How bad economic news hits consumption

Steady release of salient bad economic news can cause a sharp and enduring decline in consumption, finds a new study

Contrary to the predictions of a V-shaped recovery, consumption seems to be recovering much more slowly in China than expected. This has raised concerns that reduced spending after lockdown curbs are eased could delay economic recovery.

The spending cuts need not always be motivated by income shocks. A National Bureau of Economic Research (NBER) working paper suggests that bad news or seemingly bad news can cause a sharp and long-lasting decline in consumer spending, regardless of the actual conditions. In this study, Mark Garmaise of the UCLA Anderson Graduate School of Management and others observe the effect of local jobless rate announcements on discretionary spending of households across 50 US counties from January 2012 to December 2018.

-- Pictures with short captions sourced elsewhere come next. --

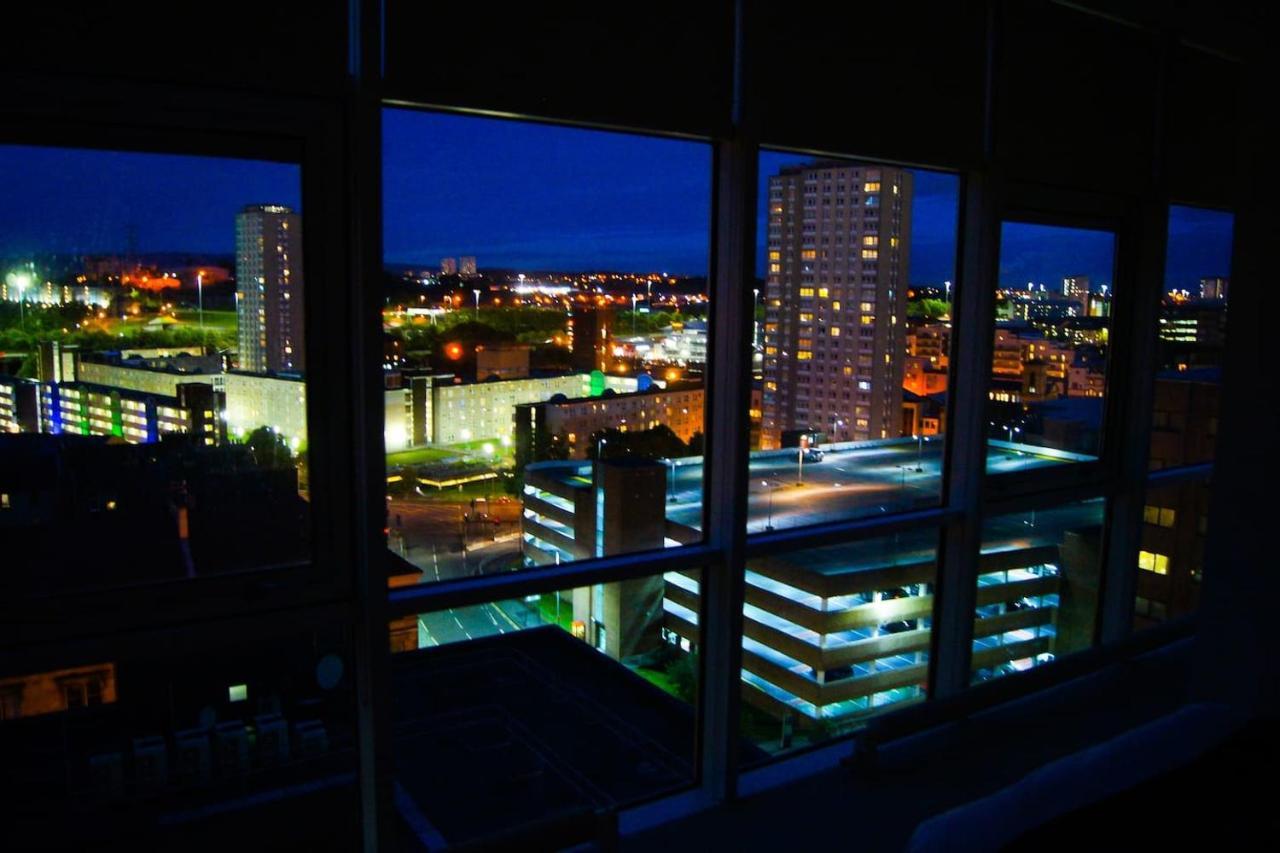 City Views Apartment City Centre Freeparking Glasgow Buitenkant foto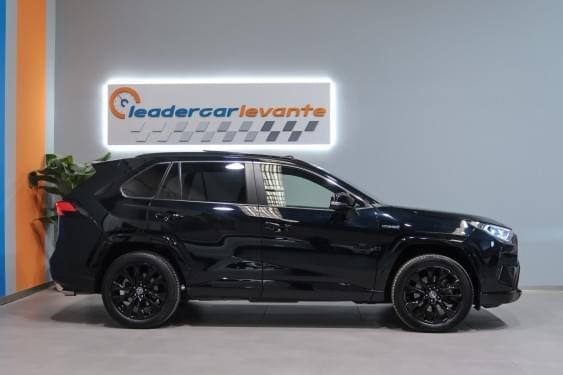 TOYOTA RAV4 2.5l 220H BLACK EDITION 218CV 2021 de segunda mano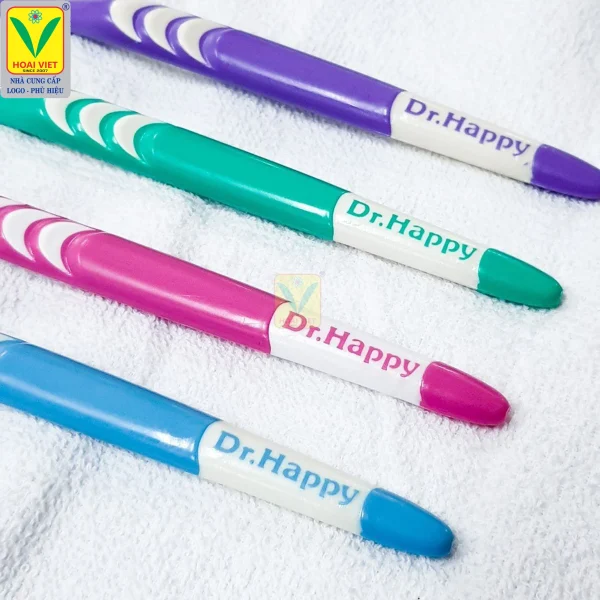 Bàn chải đánh răng trẻ em 4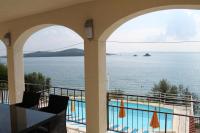 Appartement 2 Chambres avec Terrasse et Vue sur la Mer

They focus on announcements that suggest increases in unemployment to record levels, as they are likely to be particularly salient for consumers and are more likely to receive media coverage. The experiment shows that news of a rise in local unemployment rate to a 12-month high leads to a 2% drop in discretionary spending in the two weeks that follow the announcement. Interestingly, the announcement of a “near" record unemployment rate has no effect on spending.

The announcement of a false record—a record-high that is later revised lower—has the same impact on consumers as an actual record-high unemployment rate. This suggests that consumers do not necessarily respond to the actual unemployment rate, but to the announced rate. It also affects financing behaviour, the authors find. The announcement of unemployment rising to a 12-month high can lead to a 3.6% dip in credit card repayments and fall in cash withdrawals. This may be because adverse economic news leads to higher uncertainty.

The dip in consumption is larger for poorer, less-educated households. More worryingly, consumption can remain low for 2-4 months in response to the news, the study shows.